Bobat’s plans to regain the Ashes begin to pay off
England’s performance guru tells Tim Wigmore how he is working on the details for success in 2021
At the Melbourne Cricket Ground on Feb 25, the England Lions team made history. For the first time in eight first-class fixtures between the sides, England Lions – effectively England’s A team – defeated Australia A.
A few weeks before he was at the MCG, Mo Bobat, England’s performance director for men’s cricket, briefed the players on what it took to win in Australia. “I put up a slide up on the screen at Loughborough that said, of the four times we had won in Australia in the last 20 years, in three of them we scored 500-plus runs in the first innings, someone had batted for more than 4½ hours and bowlers had put in something like 40 overs,” Bobat says. At the MCG, England scored 428; Dominic Sibley batted for more than 4½ hours; and Ollie Robinson bowled more than 40 overs in the match, with Craig Overton close, too.
Plans, Bobat knows, seldom work out quite as well. But after his promotion from England’s player identification lead to performance director last October, Bobat is responsible for plotting how England develop future generations of players.
The role of the 36-year-old, who before his involvement with England cricket was a PE teacher, is best understood as like a director of football, who steps away from day-to-day concerns to look after the medium- and long-term health of the team. While largely unseen, such figures can be pivotal in building success that runs far beyond any squad of players who can remain together: the widelylauded Michael Zorc has been Borussia Dortmund’s sporting director since 1998.
Bobat’s role, then, is to do the forward planning to best equip England for the “two mountains” in Test cricket – the Ashes and World Test Championship – and limited-overs global events. He faces two particularly acute challenges.

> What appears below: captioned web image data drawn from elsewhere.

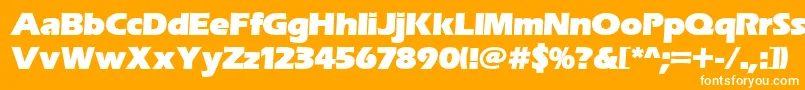 Erasitcpeeult-fontti – valkoiset fontit oranssilla taustalla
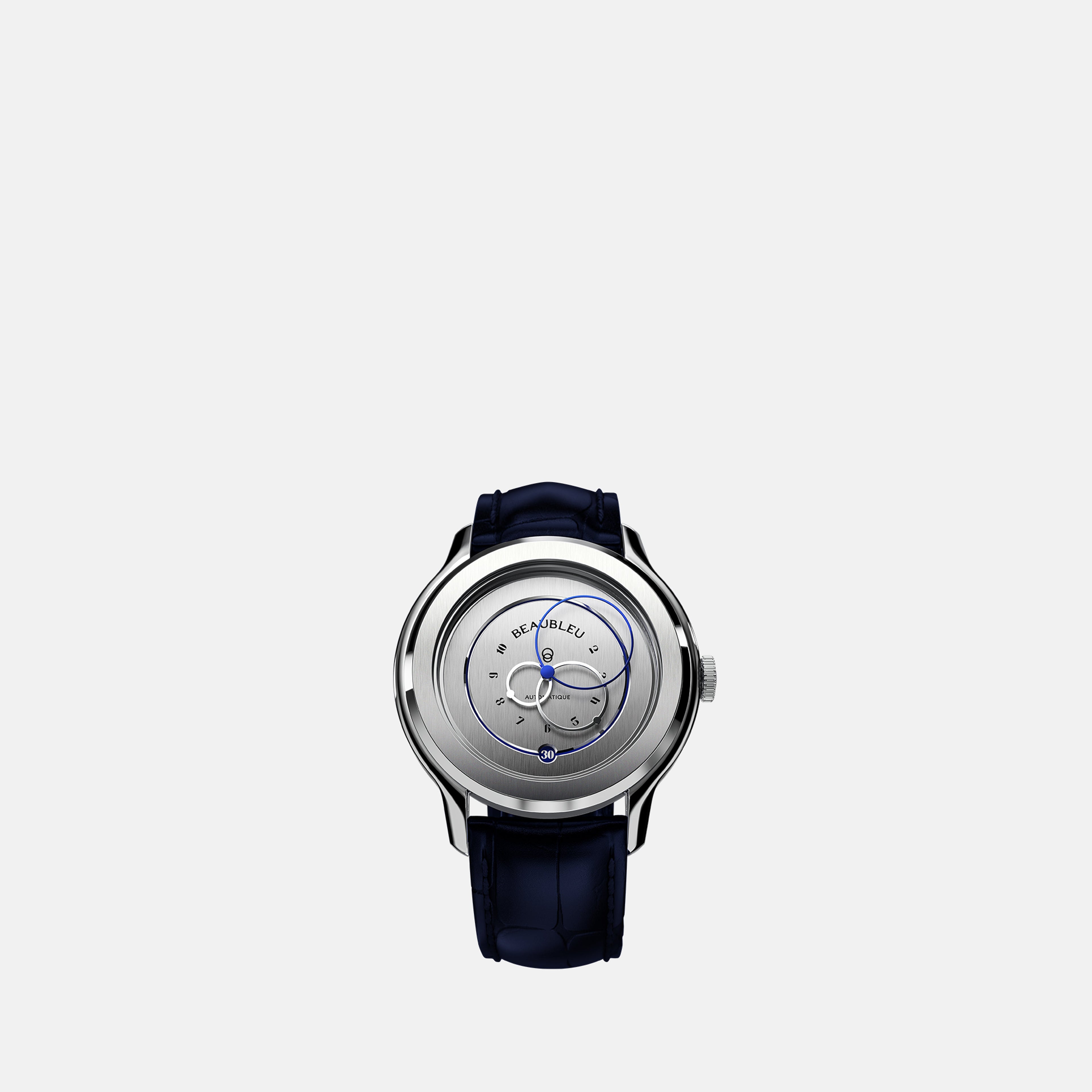 Beaubleu watch, navy blue leather watch, unisex wristwatch, 316L stainless steel watch, adjustable size watch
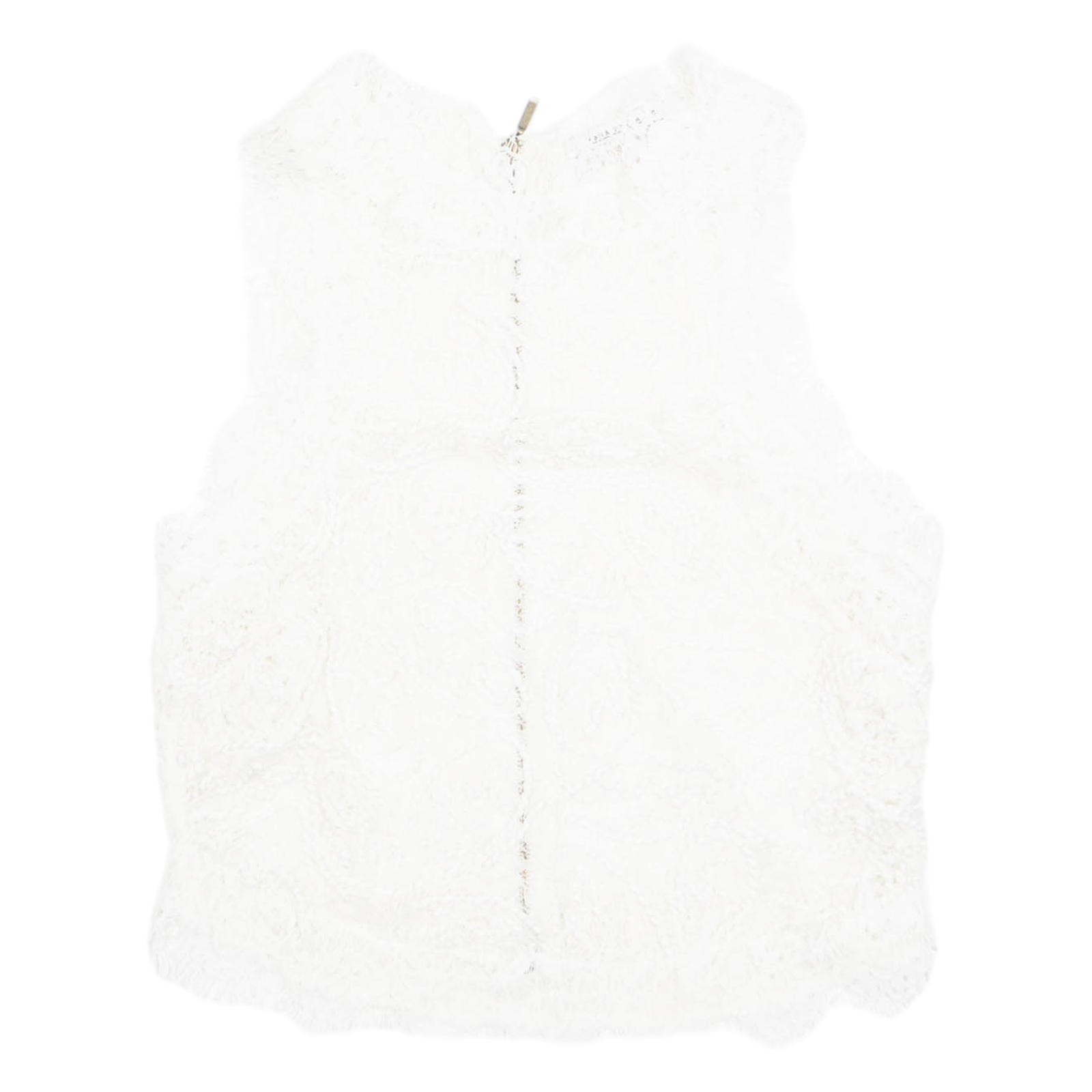 ZARA Semi Sheer Womens Top White Sleeveless Floral S Refurbished - N/A refurbished available on Cerqular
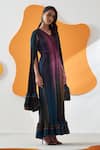 Buy_Pleats by Aruni_Pink Polyester Printed Gradient Lines Cape Open Neck Luna Maxi Dress With 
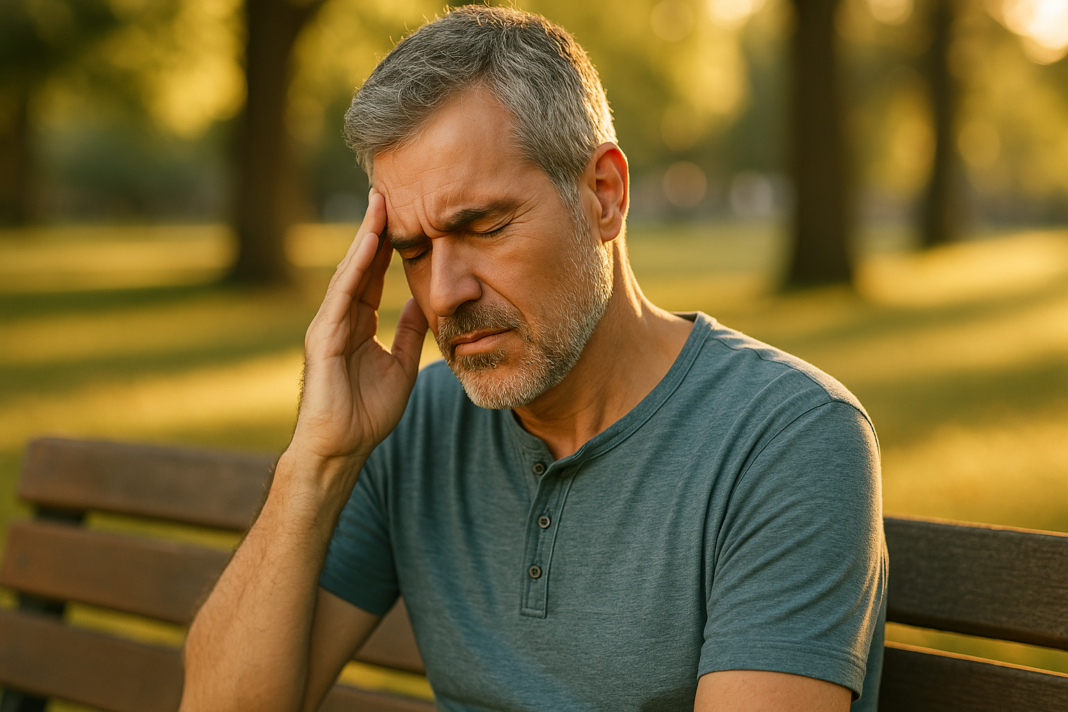 A middle-aged man sits on a wooden bench in the late afternoon light, his hand pressed to his temple as he gazes ahead in quiet reflection. The soft lighting and serene environment evoke a mood of cognitive introspection, highlighting the article’s theme of vitamin B12 as a natural aid for memory and mental clarity.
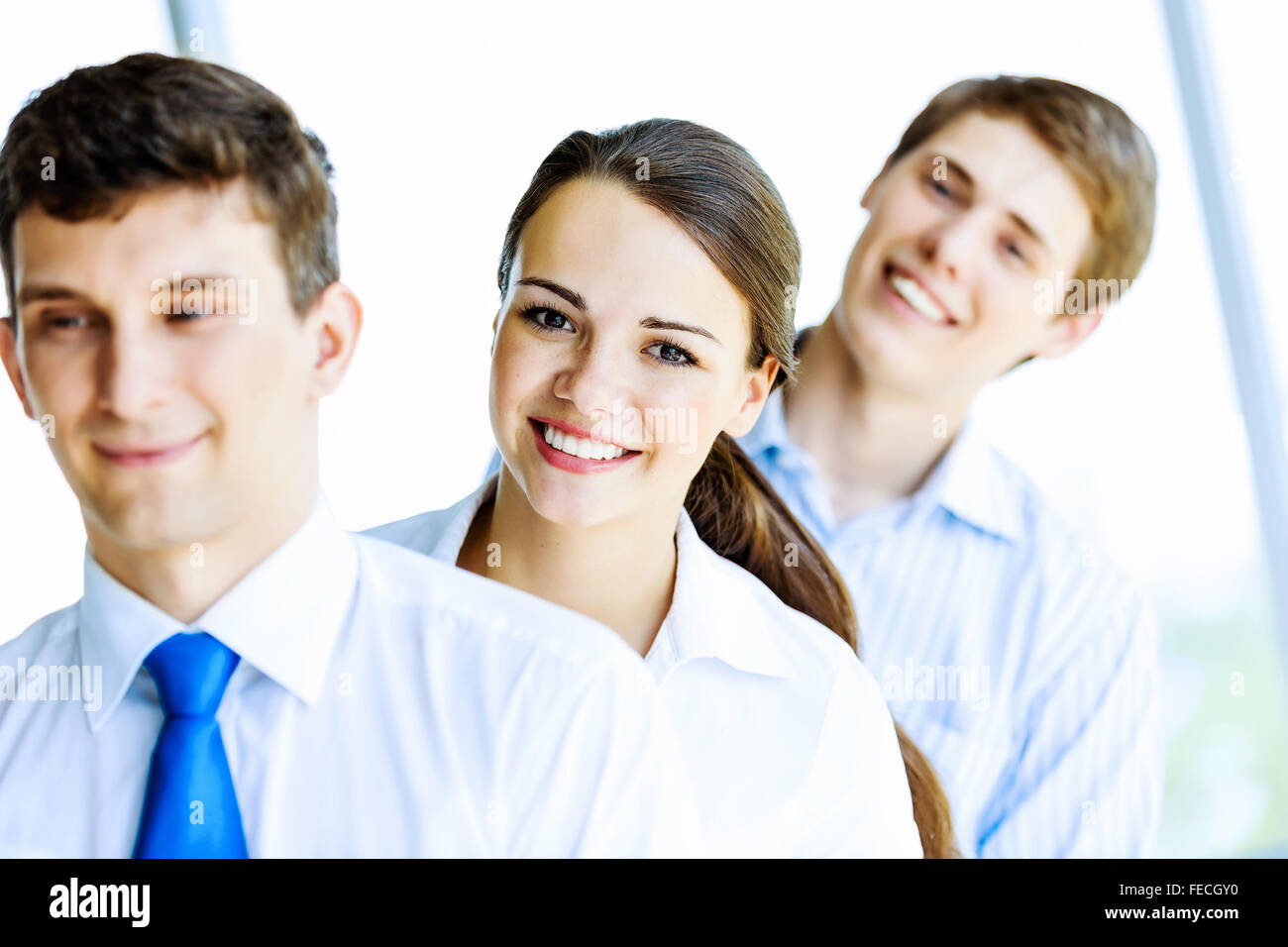 Image of business people standing in line. Team work concept Stock ...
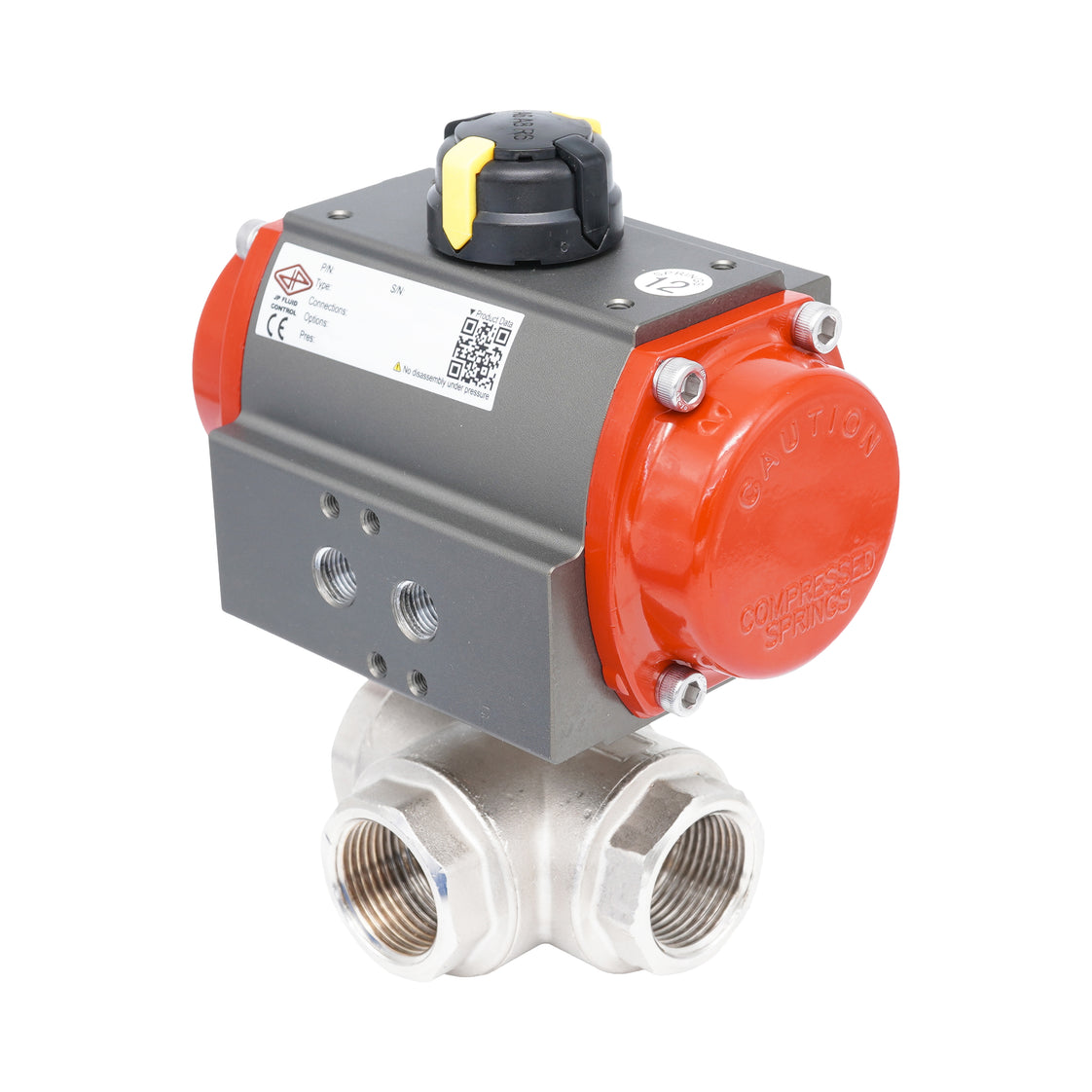 Vanne à bille pneumatique 3 voies à alésage en L en laiton Rp 1/4" - à ouverture par ressort
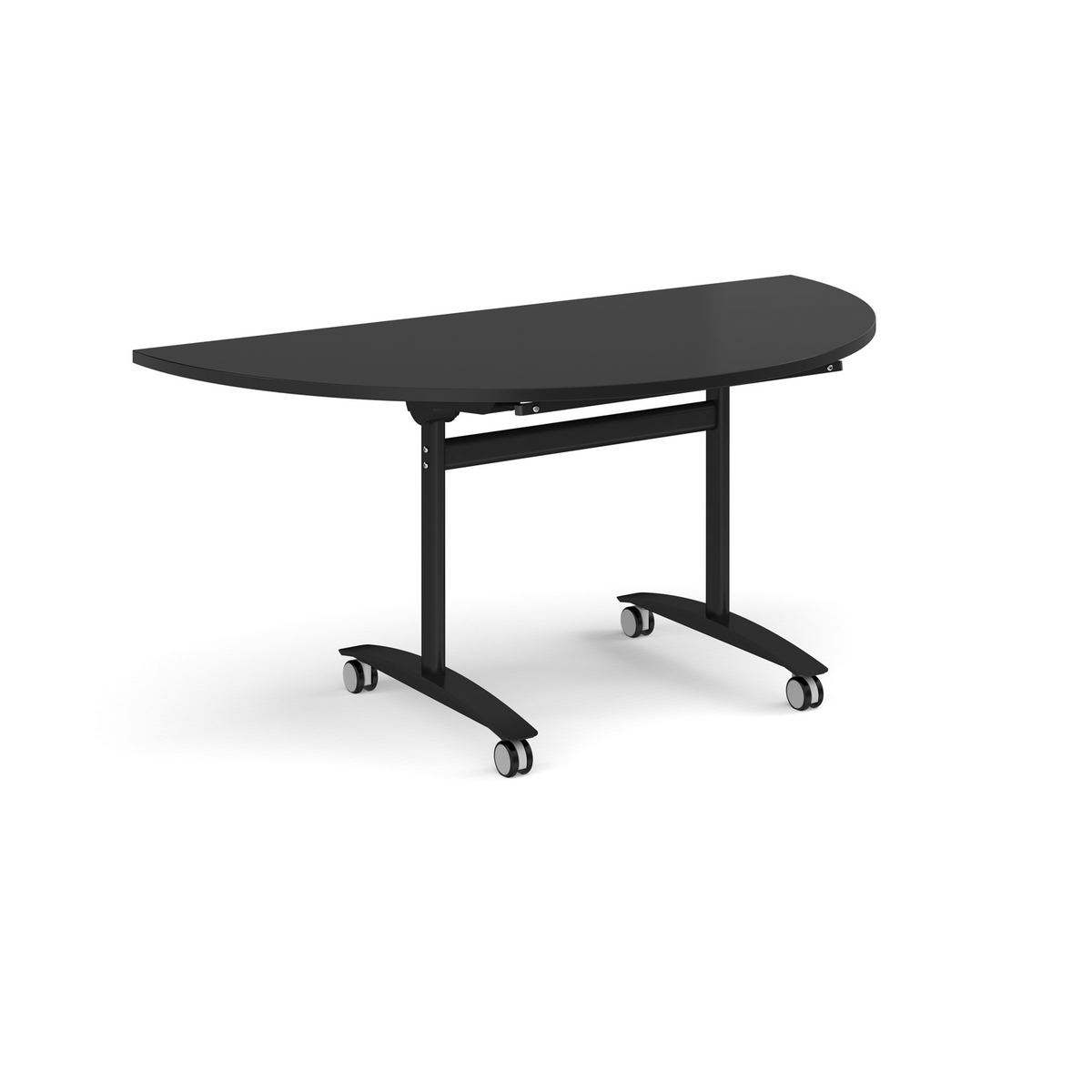 Picture of Semi circular deluxe flip top meeting table with black frame 1600mm x 800mm - Black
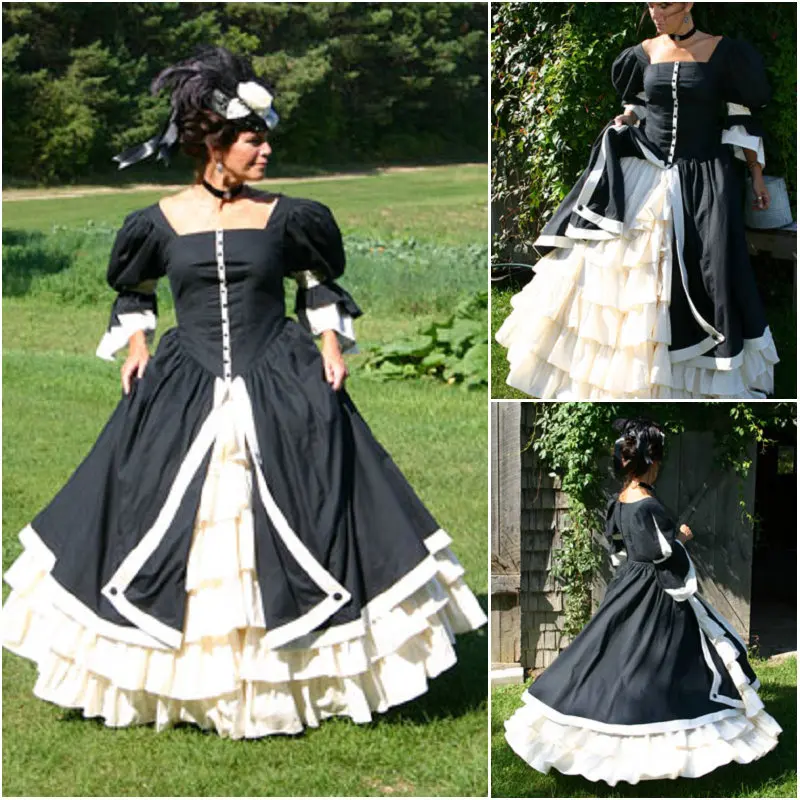 

History!Customer-made Black Victorian dress 1860s Civil war Dress Scarlett Theater Costume Halloween Renaissance Dress V-458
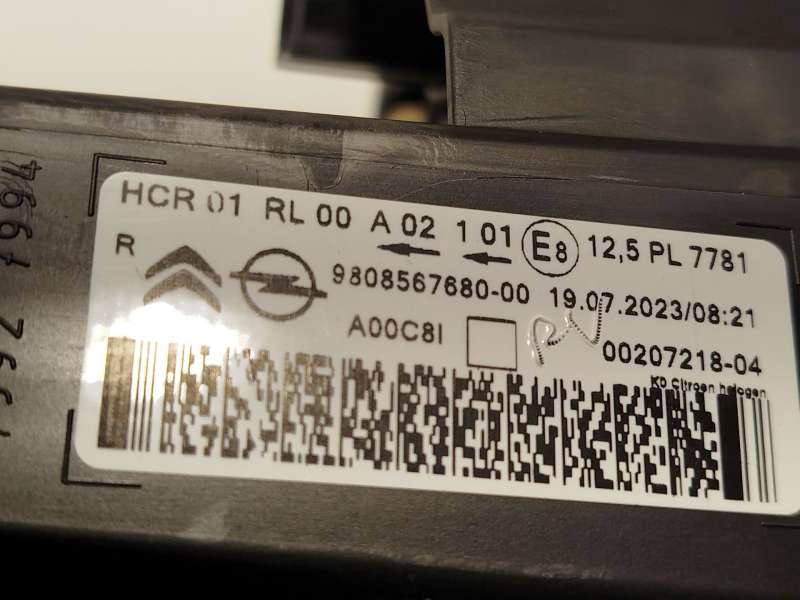 Recambio de faro derecho para citroën spacetourer autobús (v_) 1.6 bluehdi 115 referencia OEM IAM 9808567680 7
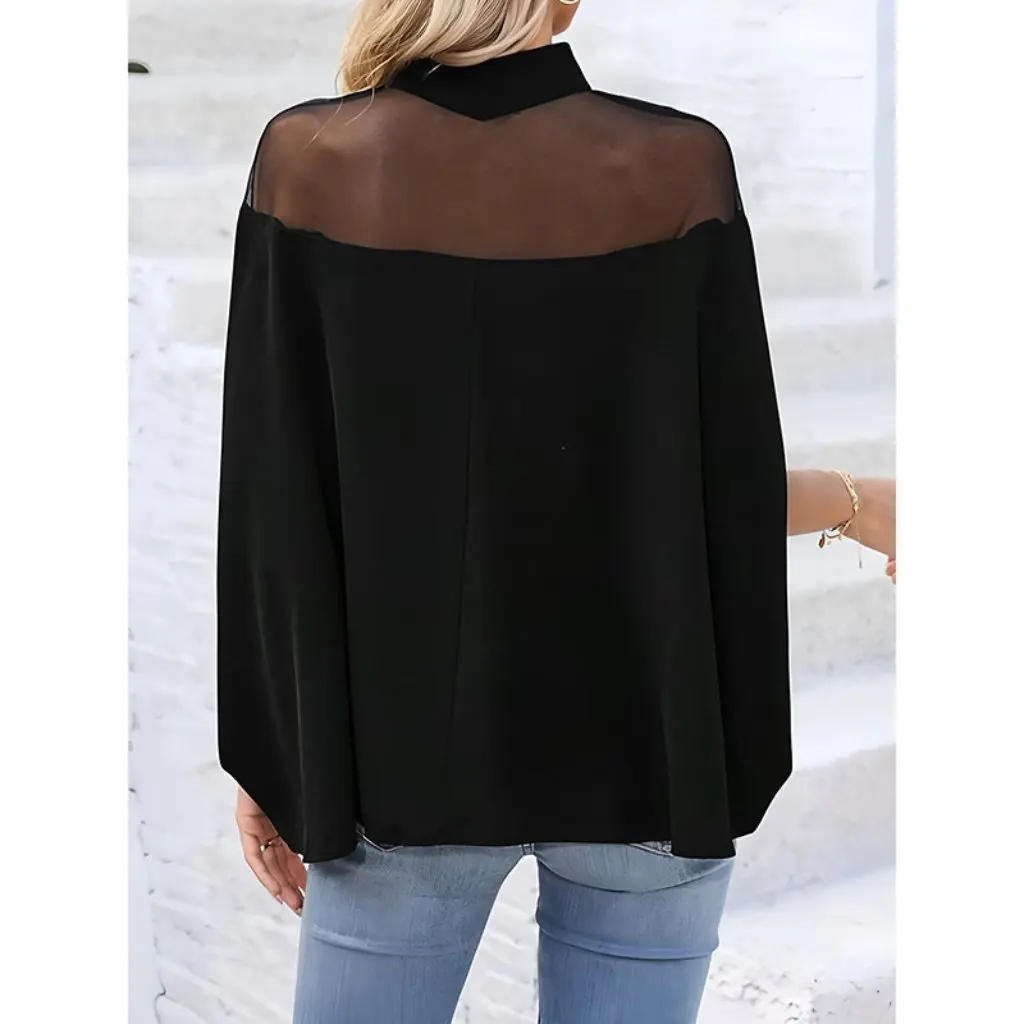 

Women's Fashion Mesh T-Shirt Off-Shoulder Bat Sleeve Turtleneck Top Spring Summer Autumn Casual Streetwear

The first is the relentless international schedule. When Australia dominated Tests and one-day internationals alike in the early 2000s, all but one or two Test players were limited-overs regulars too. Now, countries need far deeper pools to compete across formats. Within five months in 2021, Bobat points out, England play five Tests at home to India, a white-ball series in Bangladesh, the T20 World Cup in India and then start an away Ashes series. It is not inconceivable that England could call on 30 players across these matches.
“If someone’s going to play all of that cricket, and we expect them to peak in the Ashes, I think that’s probably kidding ourselves,” Bobat says. “I’d almost rather not be quoted on this, but if we get to a point where Ben Stokes doesn’t have to play in the T20 World Cup because we can prioritise the Ashes, that would be a great place to get to.”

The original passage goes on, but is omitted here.